* TASK BRIEF
Could you restate word for word every line from the one containing "Read Eastern Palace" to the end of the records, and nothing else?

---------- DATA FOR THE TASK ----------

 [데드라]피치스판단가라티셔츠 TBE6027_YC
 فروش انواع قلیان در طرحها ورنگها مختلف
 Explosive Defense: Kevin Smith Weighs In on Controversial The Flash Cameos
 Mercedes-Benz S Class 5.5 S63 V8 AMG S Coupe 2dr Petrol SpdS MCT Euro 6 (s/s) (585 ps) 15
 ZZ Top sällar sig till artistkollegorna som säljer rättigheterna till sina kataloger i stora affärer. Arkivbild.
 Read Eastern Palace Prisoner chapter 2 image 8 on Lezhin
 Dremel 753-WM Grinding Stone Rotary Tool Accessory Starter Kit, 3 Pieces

----------

* EXERCISE RESPONSE
 Read Eastern Palace Prisoner chapter 2 image 8 on Lezhin
 Dremel 753-WM Grinding Stone Rotary Tool Accessory Starter Kit, 3 Pieces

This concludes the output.